Pastors are symbols of their congregations. The person who occupies the office of pastor must, on some level, embody the culture and mission of the congregation. This phenomenon becomes more pronounced the larger a congregation becomes. In the very large church people who listen to the pastor teach on Sunday morning rarely encounter the pastor as person at any other time; they only experience a pulpit persona.  Effective large church pastors know how to craft and project themselves as effective symbols of their congregation.

Recently, Doug Riddle at the Center for Creative Leadership posted a blog entry about the Leader as Symbol. Here’s what he said:

“Among leaders I’ve coached, one of the most difficult transitions is the one from person to symbol. It’s not that one stops being a person. Rather, the body politic needs symbols that can provide a rallying point. People may not read the Constitution of the United States, but they need it to be there. Flags are more obvious symbols of our collective identity, but people are, too. This explains the demand to see our leaders. Consultants advise presidents and CEOs to “make themselves more visible.” Visibility in leaders is important because they play a magical or symbolic role.

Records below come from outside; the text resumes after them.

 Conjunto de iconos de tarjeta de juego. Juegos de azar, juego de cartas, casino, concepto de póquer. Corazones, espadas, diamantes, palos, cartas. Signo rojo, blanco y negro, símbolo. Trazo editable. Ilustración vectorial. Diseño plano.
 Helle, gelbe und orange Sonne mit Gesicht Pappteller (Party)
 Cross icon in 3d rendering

Oddly, this is one of the constraints upon senior leadership because this role has little obvious content. It is nearly all emotional force and it is strangely important for the shaping of organizational culture. The personality expressed on the stage stands for the culture of the organization and we see it most clearly in those who have shaped their companies through their personalities. Steve Jobs is Apple and Apple is Steve Jobs. This is not true only for the employees, but the stockholders whose hopefulness rises and falls on rumors of his health.

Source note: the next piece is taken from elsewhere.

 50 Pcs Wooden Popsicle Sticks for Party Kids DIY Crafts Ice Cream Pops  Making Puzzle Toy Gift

 Leaders are real people, certainly, but part of their duty to the organization is fulfilled in their flag value. Unless you created the organization and still head it, you will need to decide what elements of the existing culture you will work to change and what you will inhabit. Either way, the higher you rise in your organization the more seriously you need to take your signal value. For a few close friends you may still be Dorothy or Ahmed or Seymour, but for many more you are the company.”

  So, have you stopped to think recently about what kind of signal value you project in your congregation? What symbol are you communicating by your presence? How is that symbol creating or reinforcing congregational culture?

And perhaps more importantly, how are you tending the well-being of the person behind the symbol, so that you don’t lose yourself along the way?